The ACA requires that people without health insurance either purchase insurance or pay a tax penalty. When the law was passed in 2010, this “individual mandate” was considered part of a “three-legged stool” for expanding affordable coverage from private insurance companies: 1) health insurers would eliminate bans on services for people with pre-existing conditions and other artificial coverage barriers; 2) the government would partially subsidize this expanded coverage; and 3) the individual mandate would ensure that everyone paid into the system, thus maintaining sufficient profits for the insurance companies.
The Supreme Court upheld the individual mandate in 2012. Chief Justice John Roberts, writing for a five-member majority, ruled that the individual mandate’s tax penalty was a proper exercise of Congress’ taxing power.
But Congress effectively ended the individual mandate in 2017, when it slashed the annual tax penalty for not purchasing health insurance from $695 to $0 in December 2017 as part of the Tax Cuts and Jobs Act.
Shortly thereafter, a new lawsuit argued that because Congress eliminated the individual mandate’s tax penalty, it can no longer be maintained under Congress’s taxing power, and that, becausethe individual mandate is so intertwined with the rest of the nearly 2,000-page ACA, the entire law must be struck down.
With this case now at the Supreme Court, many commentators suspect that the Court—which has recently shifted more conservative—will reverse its 2012 decision and repeal the individual mandate. In practical terms, however, such a decision would effectively maintain the status quo because of the zeroed-out tax penalty. Moreover, the health insurance market has remained surprisingly stable the past three years, even without the individual mandate.
At the November 10 hearing, however, the ACA’s defenders appeared to successfully argue that if the justices repeal the individual mandate, the mandate should be severed from the rest of the ACA, which should be left intact (called the “severability doctrine”). In addition to Chief Justice Roberts and the Court’s three more liberal justices, this argument appeared to resonate with Justice Brett Kavanaugh.

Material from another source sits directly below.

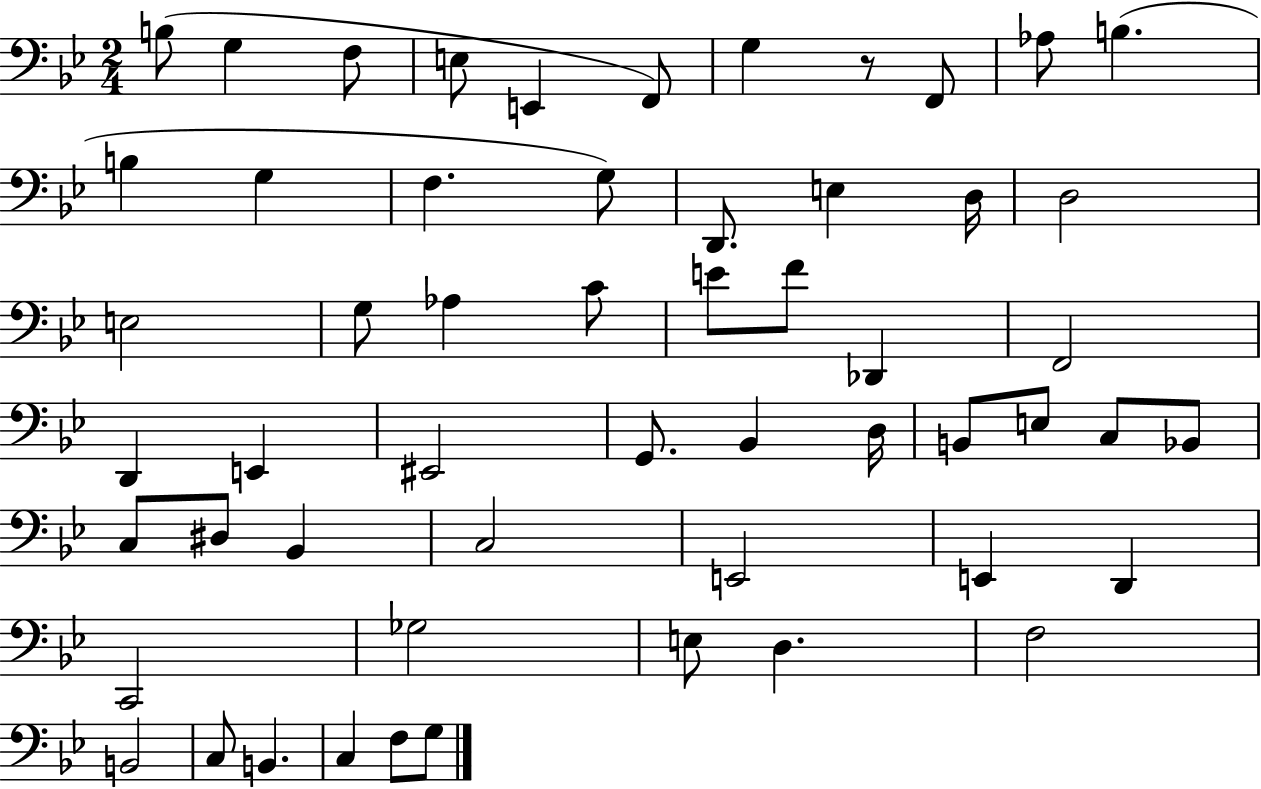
B3/e G3/q F3/e E3/e E2/q F2/e G3/q R/e F2/e Ab3/e B3/q. B3/q G3/q F3/q. G3/e D2/e. E3/q D3/s D3/h E3/h G3/e Ab3/q C4/e E4/e F4/e Db2/q F2/h D2/q E2/q EIS2/h G2/e. Bb2/q D3/s B2/e E3/e C3/e Bb2/e C3/e D#3/e Bb2/q C3/h E2/h E2/q D2/q C2/h Gb3/h E3/e D3/q. F3/h B2/h C3/e B2/q. C3/q F3/e G3/e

“I tend to agree with you that it’s a very straightforward case for severability under our precedents, meaning that we would excise the mandate and leave the rest of the act in place,” Justice Kavanaugh said during oral argument.
A “Life-Saver” for People with Disabilities
The ACA’s future has numerous implications for people with disabilities and their families. The ACA includes a Patient’s Bill of Rights that bars health insurers from denying coverage based on a patient’s pre-existing conditions, inclduing disabilities, and imposing lifetime caps on coverage, among other protections. Health insurers are expressly barred from discriminating on the basis of disability.

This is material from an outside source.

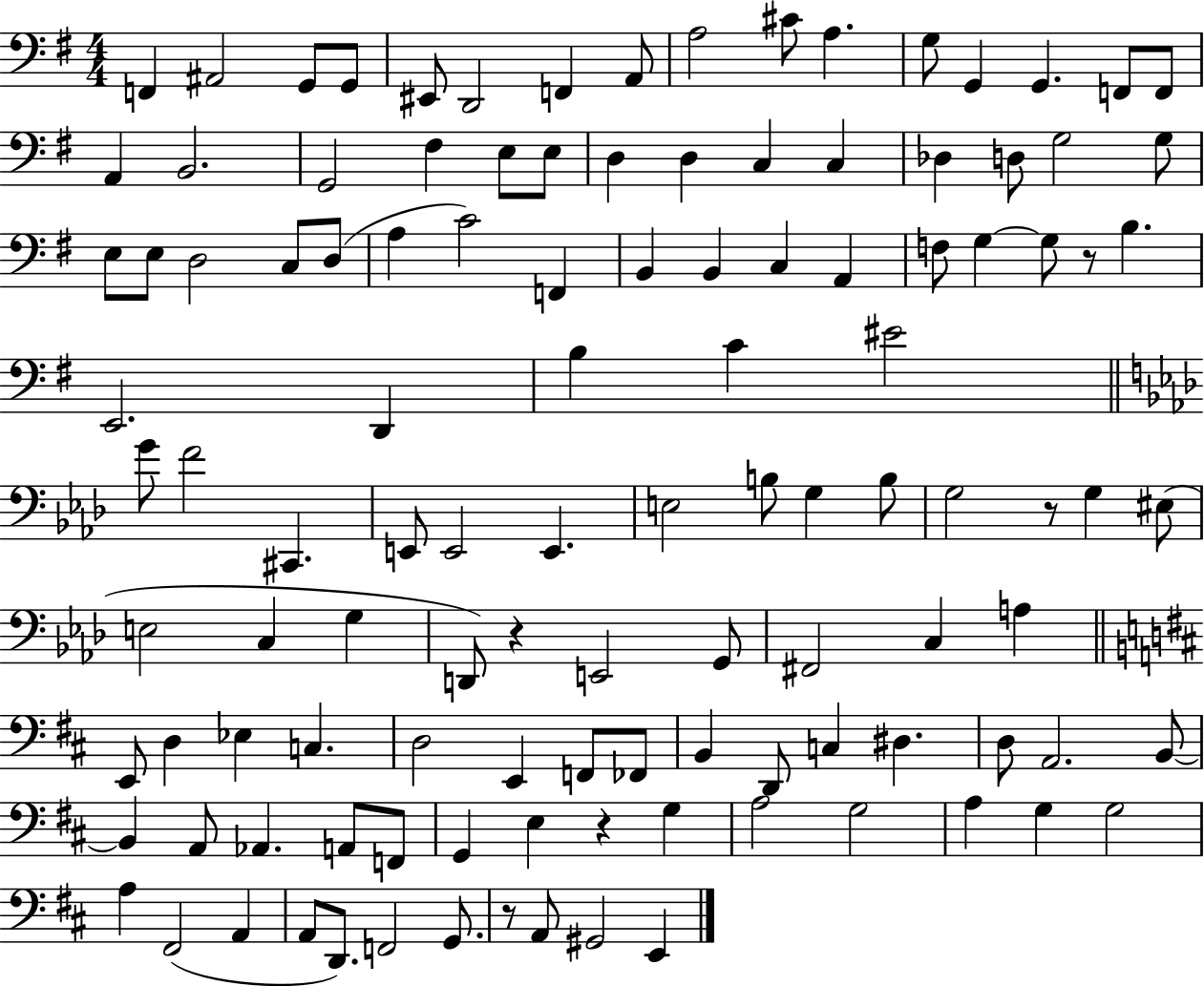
F2/q A#2/h G2/e G2/e EIS2/e D2/h F2/q A2/e A3/h C#4/e A3/q. G3/e G2/q G2/q. F2/e F2/e A2/q B2/h. G2/h F#3/q E3/e E3/e D3/q D3/q C3/q C3/q Db3/q D3/e G3/h G3/e E3/e E3/e D3/h C3/e D3/e A3/q C4/h F2/q B2/q B2/q C3/q A2/q F3/e G3/q G3/e R/e B3/q. E2/h. D2/q B3/q C4/q EIS4/h G4/e F4/h C#2/q. E2/e E2/h E2/q. E3/h B3/e G3/q B3/e G3/h R/e G3/q EIS3/e E3/h C3/q G3/q D2/e R/q E2/h G2/e F#2/h C3/q A3/q E2/e D3/q Eb3/q C3/q. D3/h E2/q F2/e FES2/e B2/q D2/e C3/q D#3/q. D3/e A2/h. B2/e B2/q A2/e Ab2/q. A2/e F2/e G2/q E3/q R/q G3/q A3/h G3/h A3/q G3/q G3/h A3/q F#2/h A2/q A2/e D2/e. F2/h G2/e. R/e A2/e G#2/h E2/q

Furthermore, the ACA dramatically expanded Medicaid and created a system of exchanges to subsidize health insurance for people ineligible for Medicaid but with incomes below 400 percent of the poverty line.
Nineteen disability rights groups wrote an amicus brief, primarily defending the severability doctrine and underscoring the impact that the repeal of the ACA would have on the disability community.
“The ACA has been a life-saver for Americans who live with disabilities,” the amicus brief states. “It has provided long-denied access to crucial medical insurance and health care to millions of such Americans. It has allowed people with disabilities to obtain health care and supports that can be critically important to their health, independence, and productivity.”
A decision in the case is expected sometime between spring and summer 2021.